Evitava tudo que a pudesse definir como uma pessoa real, empenhada em tarefas específicas
junto dos outros. Tentara agir de modo que seus atos não tivessem conseqüências reais e
assim não poderiam ser considerados atos reais. Em vez de utilizar-se da ação como
fazemos normalmente para alcançar finalidades reais e assim afirmando-se cada vez mais
em e através de nossos atos, como pessoas específicas que somos, tentava reduzir-se até
desaparecer, nunca fazendo nada de específico, aparentemente nunca estando em qualquer
lugar determinado em hora determinada, com qualquer pessoa em particular, ou fazendo
qualquer coisa em especial. Estava sempre, como estamos todos, em determinado lugar em
determinado momento, mas tentando evitar as implicações mostrando-se sempre distraída,
“como que ausente”. Agia como se fosse possível “não colocar-se” nos seus atos. O esforço
de desligar-se de suas ações compreendia tudo o que fazia, desde o trabalho, as amizades
que parecia entreter e todos os seus gestos e expressões. Por este meio esperava tornar-se
ninguém. Sua posição era, portanto, muito similar à de Peter. Ambos os pacientes
convenceram-se progressivamente de que era mero fingimento de sua parte ser alguém e
que a única atitude honesta seria tornar-se ninguém, já que era assim que se sentiam
“realmente”. Para o clínico que o observava, este processo de auto-aniquilamento nada mais
era senão o processo de enlouquecimento da esquizofrenia simples.

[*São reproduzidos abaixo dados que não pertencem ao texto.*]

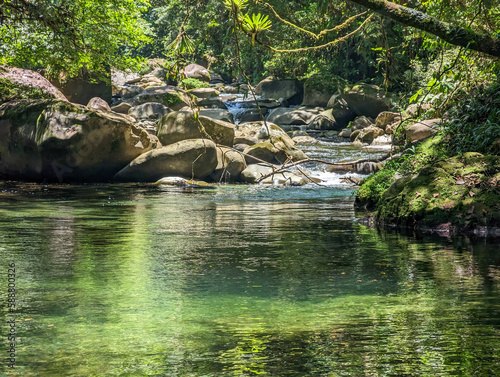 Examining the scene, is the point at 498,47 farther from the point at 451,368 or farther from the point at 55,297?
Result: the point at 55,297

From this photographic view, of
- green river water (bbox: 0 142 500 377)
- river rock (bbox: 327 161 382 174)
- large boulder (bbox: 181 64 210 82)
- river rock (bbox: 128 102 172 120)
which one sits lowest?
green river water (bbox: 0 142 500 377)

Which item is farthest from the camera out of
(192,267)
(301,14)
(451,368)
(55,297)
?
(301,14)

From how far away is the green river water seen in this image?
3.59 meters

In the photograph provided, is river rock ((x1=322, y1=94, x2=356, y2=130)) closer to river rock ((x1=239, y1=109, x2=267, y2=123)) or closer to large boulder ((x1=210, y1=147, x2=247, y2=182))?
river rock ((x1=239, y1=109, x2=267, y2=123))

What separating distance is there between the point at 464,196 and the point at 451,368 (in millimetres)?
6097

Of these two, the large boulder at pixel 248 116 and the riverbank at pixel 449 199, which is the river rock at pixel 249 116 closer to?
the large boulder at pixel 248 116

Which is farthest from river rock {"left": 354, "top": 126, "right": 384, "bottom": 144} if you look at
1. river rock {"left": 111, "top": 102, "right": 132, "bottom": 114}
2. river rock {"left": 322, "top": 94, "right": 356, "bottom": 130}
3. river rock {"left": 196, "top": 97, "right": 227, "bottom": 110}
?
river rock {"left": 111, "top": 102, "right": 132, "bottom": 114}

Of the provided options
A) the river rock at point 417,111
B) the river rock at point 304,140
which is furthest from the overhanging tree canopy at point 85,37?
the river rock at point 417,111

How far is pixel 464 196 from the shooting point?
359 inches

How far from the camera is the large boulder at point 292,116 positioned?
3422cm

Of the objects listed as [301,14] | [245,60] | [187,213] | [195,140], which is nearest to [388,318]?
[187,213]

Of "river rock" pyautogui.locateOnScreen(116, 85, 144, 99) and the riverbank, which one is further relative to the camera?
"river rock" pyautogui.locateOnScreen(116, 85, 144, 99)

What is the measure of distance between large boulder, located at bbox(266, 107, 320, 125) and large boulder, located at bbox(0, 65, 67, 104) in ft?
48.8

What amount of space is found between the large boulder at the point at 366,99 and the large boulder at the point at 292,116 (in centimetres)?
250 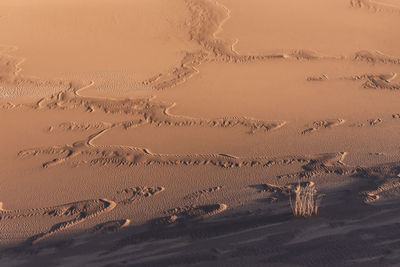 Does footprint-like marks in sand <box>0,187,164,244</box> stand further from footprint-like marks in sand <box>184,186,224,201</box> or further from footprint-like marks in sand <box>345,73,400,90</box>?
footprint-like marks in sand <box>345,73,400,90</box>

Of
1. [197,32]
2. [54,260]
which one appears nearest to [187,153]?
[54,260]

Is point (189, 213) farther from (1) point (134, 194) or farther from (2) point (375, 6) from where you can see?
(2) point (375, 6)

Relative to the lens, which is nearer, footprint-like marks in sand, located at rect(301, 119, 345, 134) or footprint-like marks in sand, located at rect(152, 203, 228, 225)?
footprint-like marks in sand, located at rect(152, 203, 228, 225)

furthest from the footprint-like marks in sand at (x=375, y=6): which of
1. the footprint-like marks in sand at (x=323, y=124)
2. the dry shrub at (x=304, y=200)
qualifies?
the dry shrub at (x=304, y=200)

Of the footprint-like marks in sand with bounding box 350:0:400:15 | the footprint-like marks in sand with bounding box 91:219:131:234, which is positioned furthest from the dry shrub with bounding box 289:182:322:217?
the footprint-like marks in sand with bounding box 350:0:400:15

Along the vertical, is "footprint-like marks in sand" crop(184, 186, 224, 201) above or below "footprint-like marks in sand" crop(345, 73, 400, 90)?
below

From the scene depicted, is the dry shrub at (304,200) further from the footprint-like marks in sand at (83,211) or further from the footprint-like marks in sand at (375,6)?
the footprint-like marks in sand at (375,6)

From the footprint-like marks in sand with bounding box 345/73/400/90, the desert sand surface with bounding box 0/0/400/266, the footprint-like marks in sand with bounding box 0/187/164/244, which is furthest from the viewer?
the footprint-like marks in sand with bounding box 345/73/400/90

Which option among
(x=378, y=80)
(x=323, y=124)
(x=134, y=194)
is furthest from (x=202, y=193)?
(x=378, y=80) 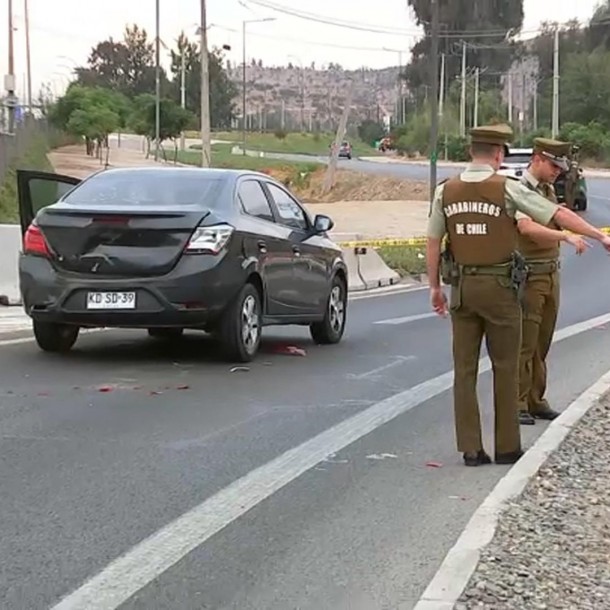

Como no caso de Peter e Marie, os pacientes no estágio agora descrito não sentem
tanta culpa no que se refere a pensamentos ou atos específicos que tenham ou não tido ou
realizado. Se sentem culpa neste sentido, ela é dominada por um sentimento muito mais
inclusivo de maldade ou indignidade, que ataca o próprio direito de ser em qualquer sentido.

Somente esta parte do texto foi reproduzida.